Exercise prompt:
Up to and including the line that holds "Hi guys, it's", copy every line of the records below exactly, starting at the first; leave pictures out.

Given information:
★ ★ ★ ★ ★
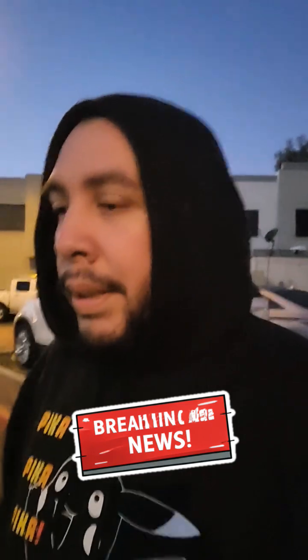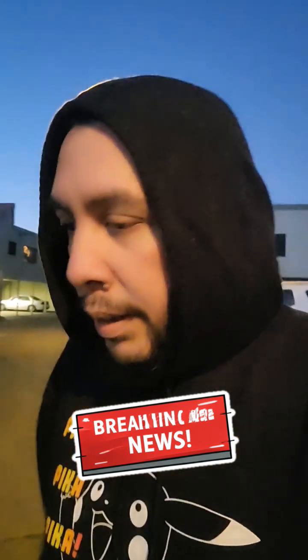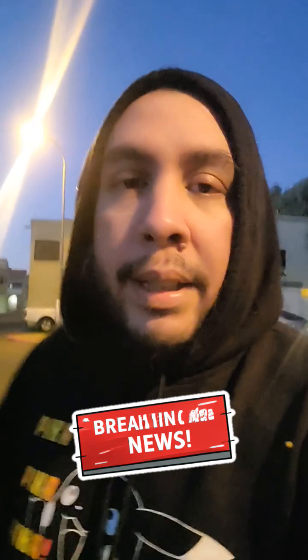Good morning everybody. So we have a live stream happening in about two hours from now where I'm going to go in depth. But real quick, I just want to tell you guys what that live stream is about.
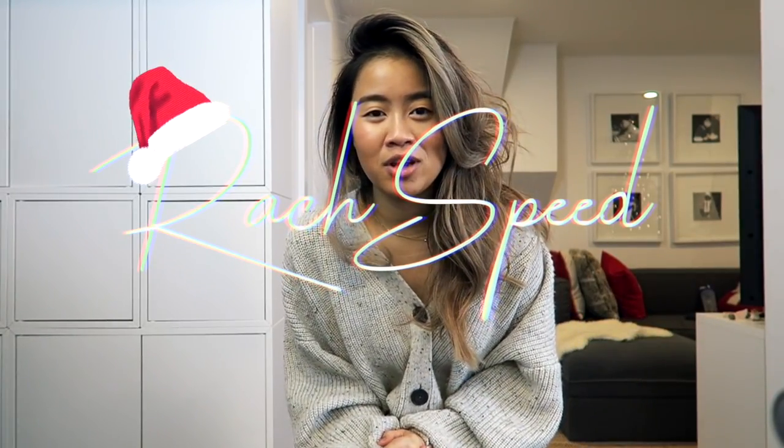Hi guys, it's Rachel and welcome back to my channel. If you guys haven't stumbled across my videos before, hi! I create fashion and lifestyle videos here on YouTube. If you guys want to subscribe, please do because I'd absolutely love to have you.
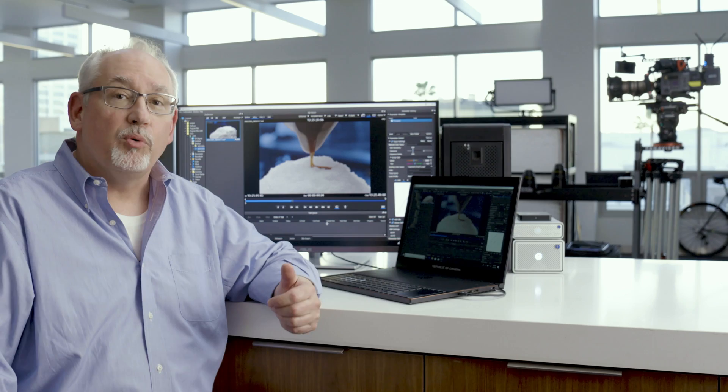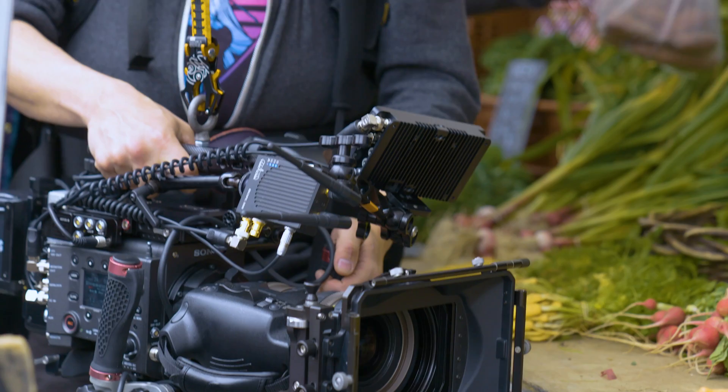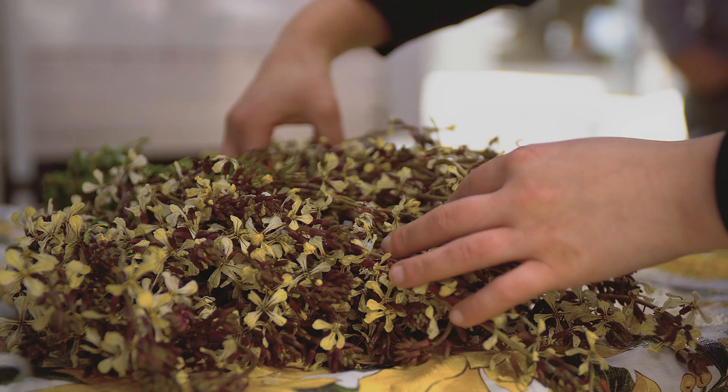It allows me to move data faster. It allows me to maintain 10-bit color clarity and the accuracy I need to do color-managed work on set. Thunderbolt connectivity allows artists, cinematographers, still photographers — anyone that works in technology — to utilize the Thunderbolt workflow.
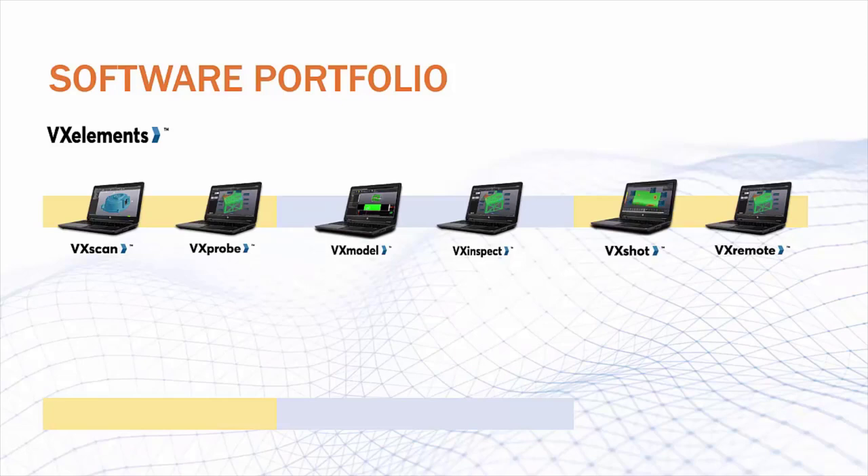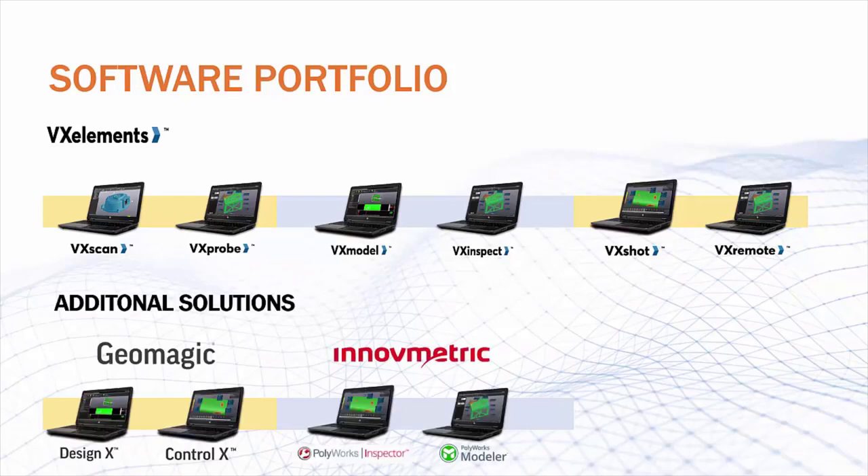Now we have more specific software packages, including VX Probe for the HandyProbe, VX Shot for the MaxShot, and VX Remote, which is when you want to be able to use VX Elements on a mobile device like a tablet. Now, VX Elements covers 99% of our customers' needs, but there are some situations where customers need a little extra power for their reverse engineering or inspection processes. That's where we generally recommend either Geomagic or Polyworks. Geomagic is our go-to for reverse engineering when that extra capability is needed, and Polyworks is what we generally recommend on the inspection side.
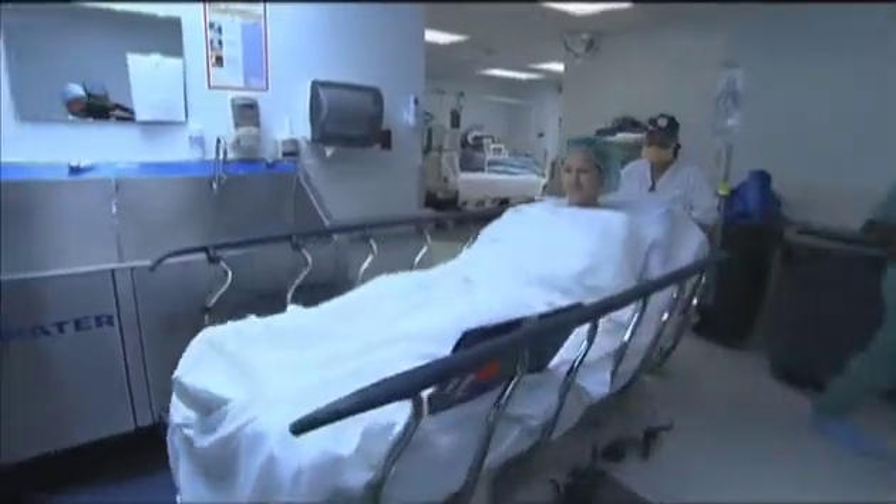A Jacksonville orthopedic surgeon is part of a design team that has developed a new, much shorter prosthesis that solves a lot of long-term problems. No one expects hip replacement surgery at age 30,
★ ★ ★ ★ ★
Answer section:
Good morning everybody. So we have a live stream happening in about two hours from now where I'm going to go in depth. But real quick, I just want to tell you guys what that live stream is about.
Hi guys, it's Rachel and welcome back to my channel. If you guys haven't stumbled across my videos before, hi! I create fashion and lifestyle videos here on YouTube. If you guys want to subscribe, please do because I'd absolutely love to have you.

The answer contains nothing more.